REQUIREMENT
Everything in the listing below should be repeated verbatim, apart from the pictures.

DATA SHOWN

■ ■ ■

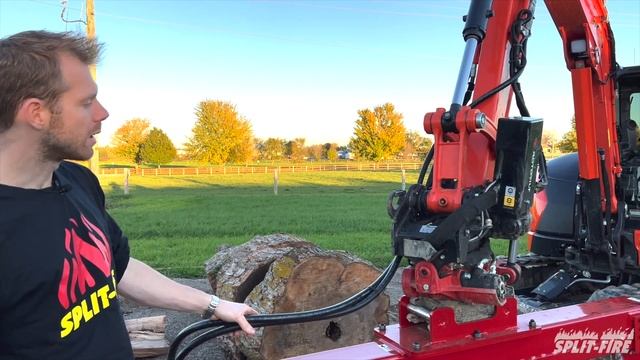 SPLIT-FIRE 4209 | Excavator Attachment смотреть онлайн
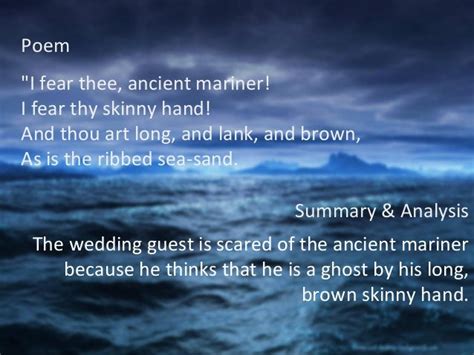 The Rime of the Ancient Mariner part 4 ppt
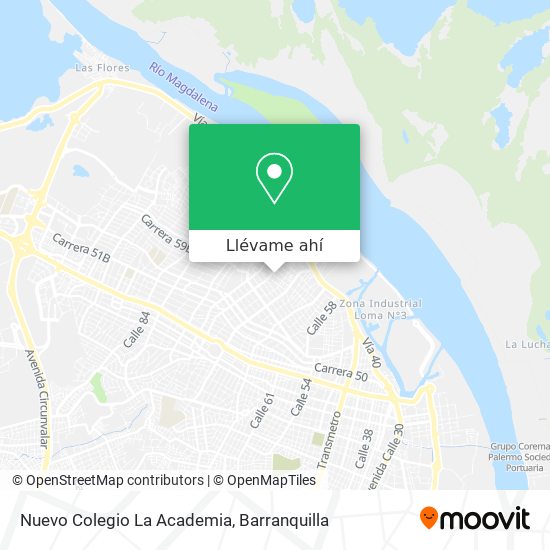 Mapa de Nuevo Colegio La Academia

■ ■ ■

ANSWER TO THIS EXERCISE
 SPLIT-FIRE 4209 | Excavator Attachment смотреть онлайн
 The Rime of the Ancient Mariner part 4 ppt
 Mapa de Nuevo Colegio La Academia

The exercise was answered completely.